Saturday, April 23, 2011

Susan Howe, That This



On the Shoreline Express I like to sit on the side where between Stony Creek and Guilford I can see my neighbor’s house, and in winter a little further up the road catch a split-second glimpse of ours through the window as the train passes. I suppose I’m trying to capture a moment before mirror vision—because when you view objects that lie in front of your eyes as well as others in the distance behind, what you see in the mirror has already been interpreted—so far as you can tell.
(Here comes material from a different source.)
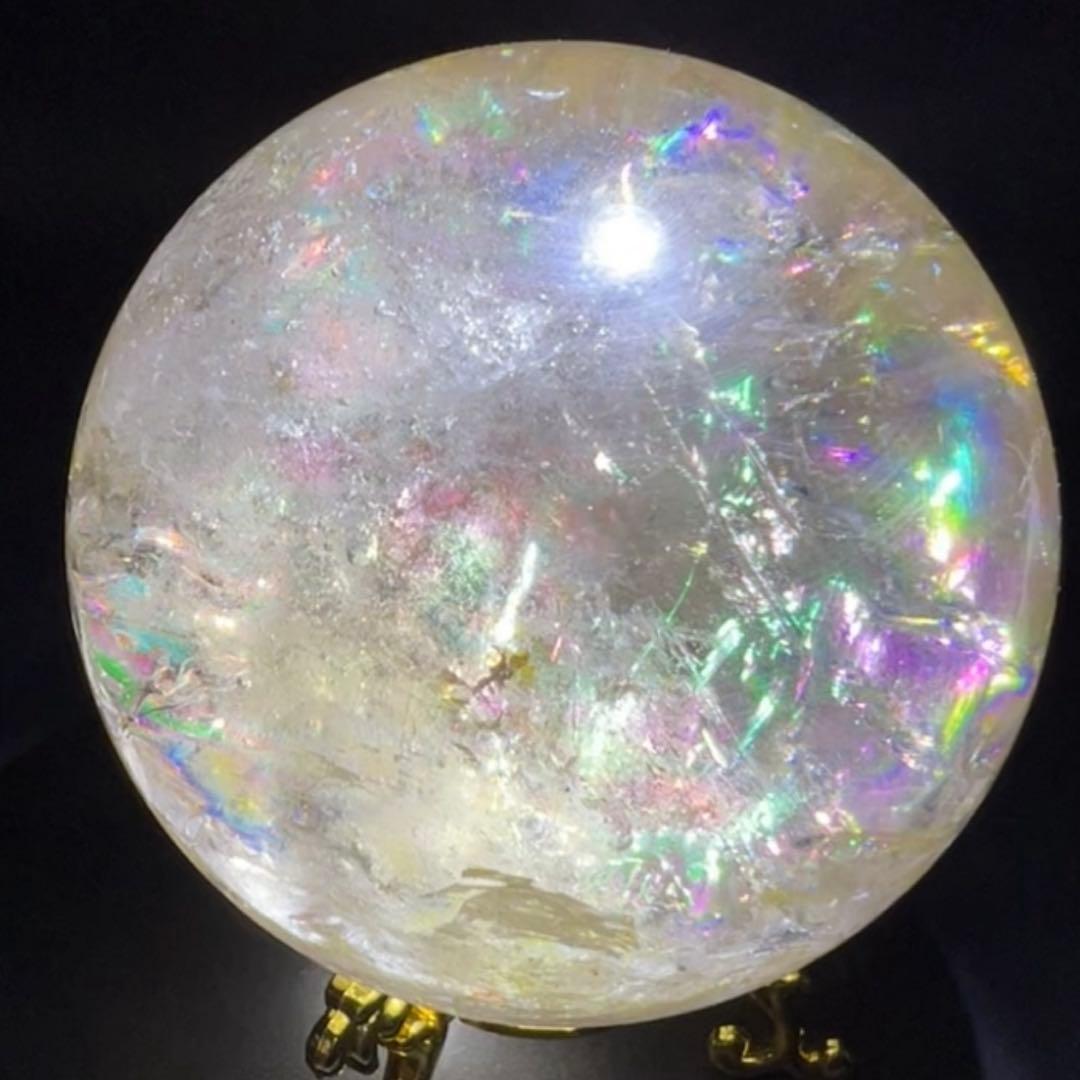 ✨存在際立つ美しさとハイパワー❗✨最高級 ライトニング水晶 丸玉 天然石 原石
More and more I have the sense of being present at a point of absence where crossing centuries may prove to be like crossing languages. Soundwaves. It’s the difference between one stillness and another stillness. Even the “invisible” scotch tape I recently used when composing “Frolic Architecture” leaves traces on paper when I run each original sheet through the Canon copier.
Susan Howe’s That This (New Directions, 2010) is an extended series of prose and poem fragments that make up a work of mourning, “an essay about Howe’s husband’s sudden death.” In three sections and untitled coda, Howe’s That This is a book that quickly becomes much more and deeper than such a deceptively simple description. Working directly from life and from books, she writes out a concordance of all the right things, despite their distances, bridging the widest gaps in a sentence or two. Howe is everywhere, suddenly, and all at once.
Is light anything like this
stray pencil commonplace

copy as to one aberrant
onward-gliding mystery

1 comment:

Solid Quarter said...

I find especially compelling how the front section, so deeply personal, and the latter, so sparse and truncated, work together. It's one that I had to put down a lot as I read.